The Overfeat model architecture is very similar to AlexNet. It is trained as follows:

Fig. 7. The training stages of the Overfeat model. (Image source: link)
  1. Train a CNN model (similar to AlexNet) on the image classification task.
  2. Then, we replace the top classifier layers by a regression network and train it to predict object bounding boxes at each spatial location and scale. The regressor is class-specific, each generated for one image class.
    • Input: Images with classification and bounding box.
    • Output: $(x_\text{left}, x_\text{right}, y_\text{top}, y_\text{bottom})$, 4 values in total, representing the coordinates of the bounding box edges.
    • Loss: The regressor is trained to minimize $l2$ norm between generated bounding box and the ground truth for each training example.

At the detection time,

  1. Perform classification at each location using the pretrained CNN model.
  2. Predict object bounding boxes on all classified regions generated by the classifier.
  3. Merge bounding boxes with sufficient overlap from localization and sufficient confidence of being the same object from the classifier.

Cited as:

@article{weng2017detection2,
  title   = "Object Detection for Dummies Part 2: CNN, DPM and Overfeat",
  author  = "Weng, Lilian",
  journal = "lilianweng.github.io",
  year    = "2017",
  url     = "https://lilianweng.github.io/posts/2017-12-15-object-recognition-part-2/"
}

Reference

[1] Vincent Dumoulin and Francesco Visin. “A guide to convolution arithmetic for deep learning.” arXiv preprint arXiv:1603.07285 (2016).

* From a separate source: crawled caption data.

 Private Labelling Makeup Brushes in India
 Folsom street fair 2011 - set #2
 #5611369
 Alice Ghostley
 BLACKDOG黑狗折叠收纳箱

[2] Haohan Wang, Bhiksha Raj, and Eric P. Xing. “On the Origin of Deep Learning.” arXiv preprint arXiv:1702.07800 (2017).

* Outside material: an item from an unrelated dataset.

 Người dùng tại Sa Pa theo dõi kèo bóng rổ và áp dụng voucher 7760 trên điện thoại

[3] Pedro F. Felzenszwalb, Ross B. Girshick, David McAllester, and Deva Ramanan. “Object detection with discriminatively trained part-based models.” IEEE transactions on pattern analysis and machine intelligence 32, no. 9 (2010): 1627-1645.

[4] Ross B. Girshick, Forrest Iandola, Trevor Darrell, and Jitendra Malik. “Deformable part models are convolutional neural networks.” In Proc. IEEE Conf. on Computer Vision and Pattern Recognition (CVPR), pp. 437-446. 2015.

[5] Sermanet, Pierre, David Eigen, Xiang Zhang, Michaël Mathieu, Rob Fergus, and Yann LeCun. “OverFeat: Integrated Recognition, Localization and Detection using Convolutional Networks” arXiv preprint arXiv:1312.6229 (2013).